- _Task objective_: Only the lines from the one bearing "LV Capucines MM 手提肩背兩用包-9" through the end of the listing belong in your response, restated word for word and without pictures.

- _Record set_:
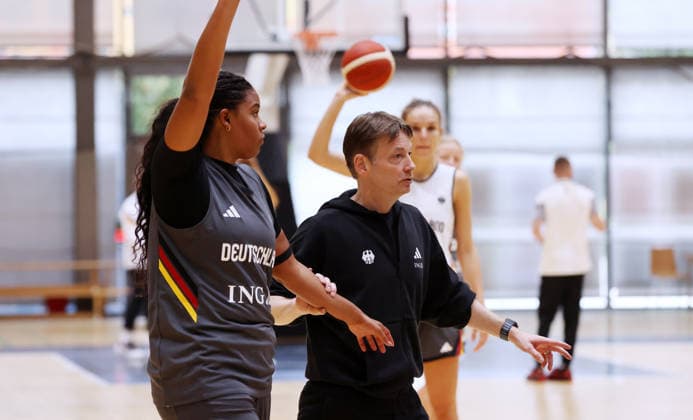 Nyara Sabally, Bundestrainer Olaf Lange Aktion Oberkörper Training zur Vorbereitung auf die Weltmeisterschaft WM Basketball DBB Nationalmannschaft Frauen Saison 2026 2027 01.09.2026 Deutschland GER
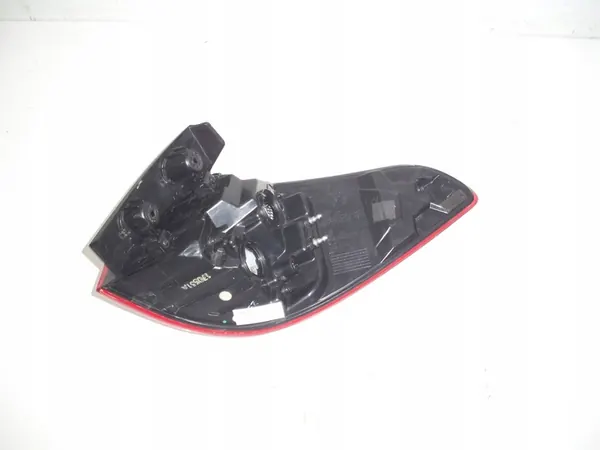 Luz Trasera Izquierda Hyundai i30 III Kombi 2017- image 5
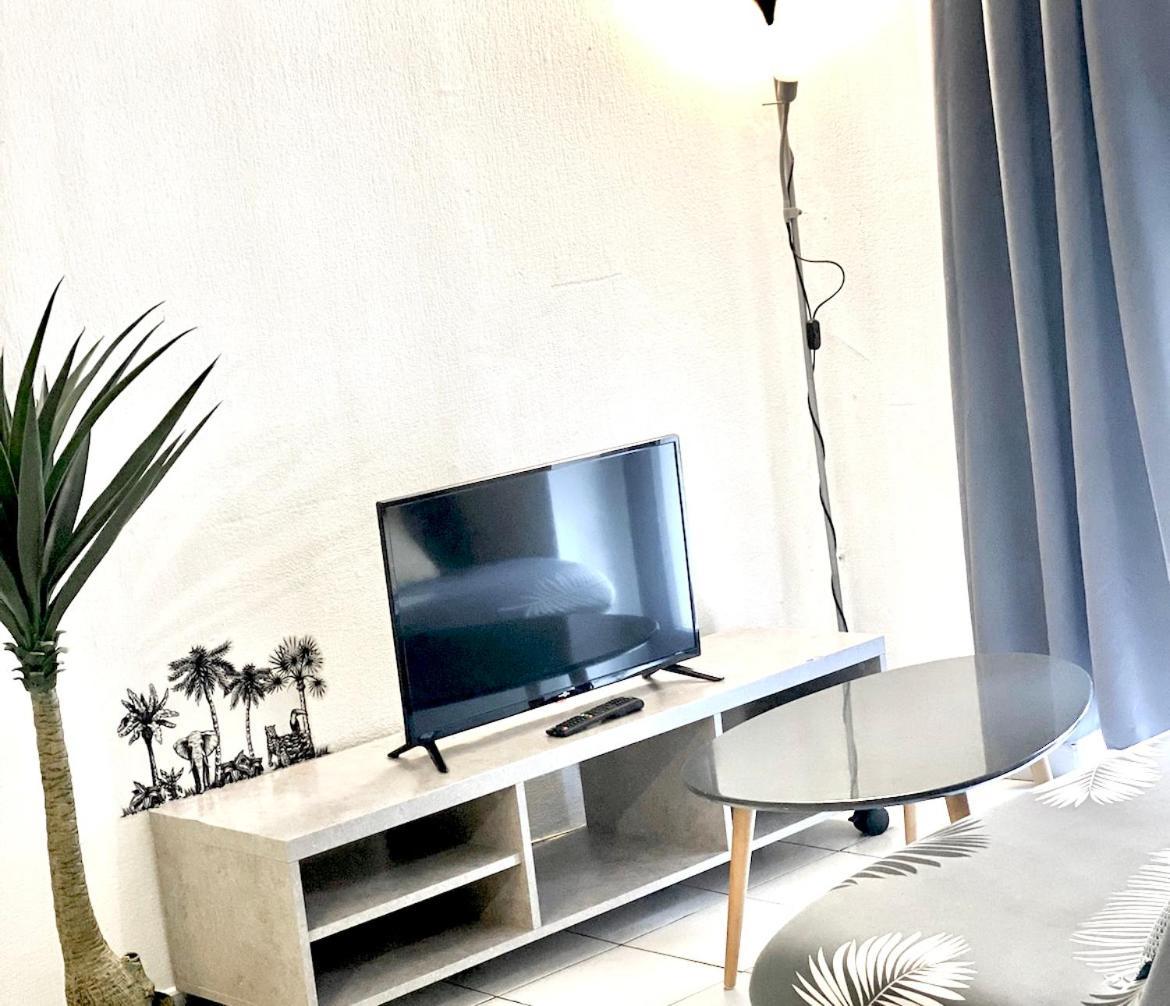Appartement Studio Des Cathares à Carcassonne Extérieur photo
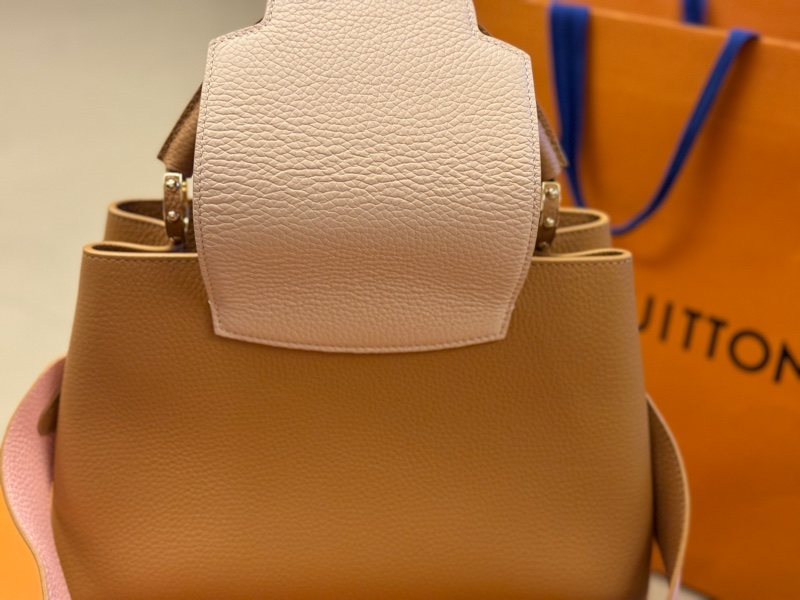 LV Capucines MM 手提肩背兩用包-9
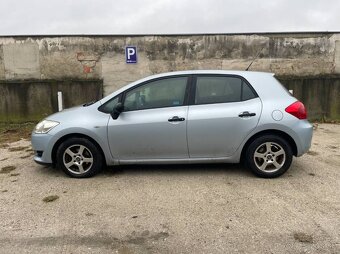 Toyota Auris 1.4 2008 - 8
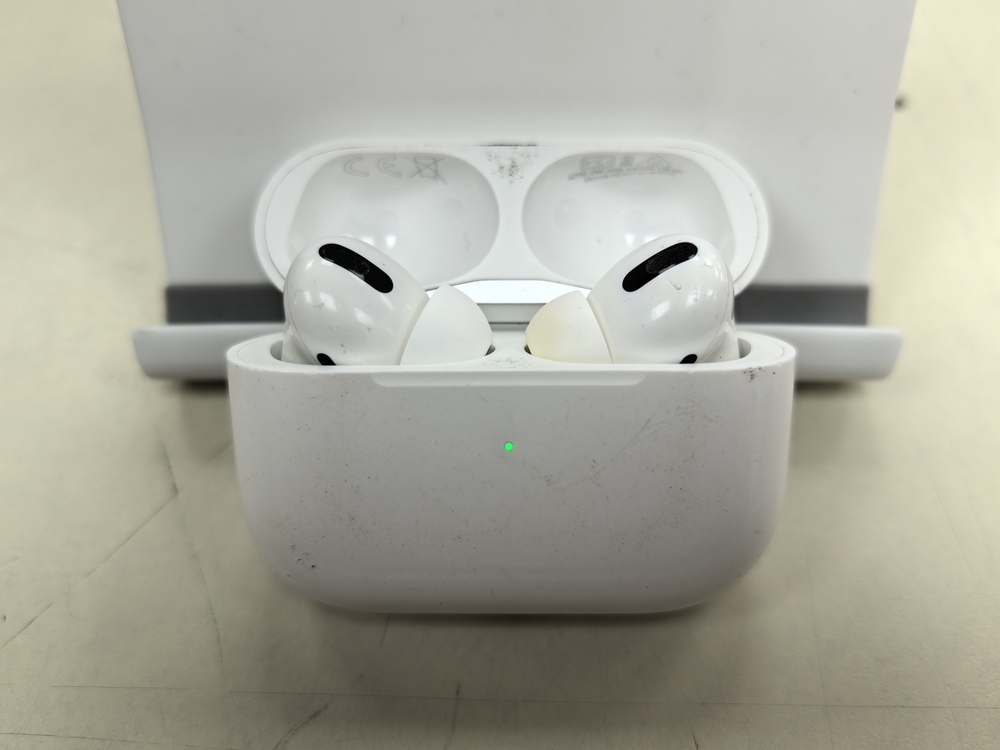Наушники беспроводные Apple AirPods Pro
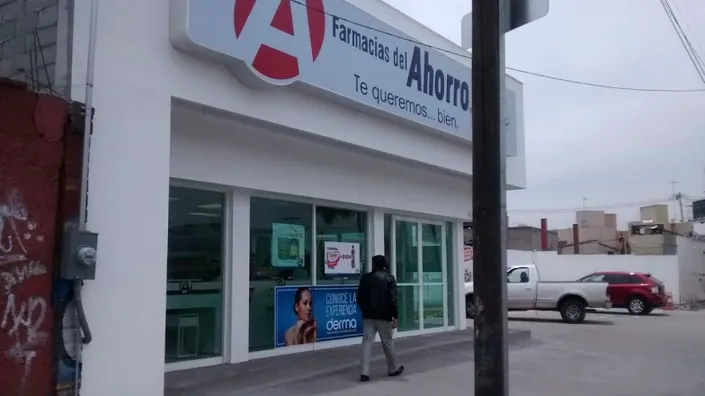 FARMACIAS DEL AHORRO Trabajadoras Sociales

- _Exercise output_:
 LV Capucines MM 手提肩背兩用包-9
 Toyota Auris 1.4 2008 - 8
Наушники беспроводные Apple AirPods Pro
 FARMACIAS DEL AHORRO Trabajadoras Sociales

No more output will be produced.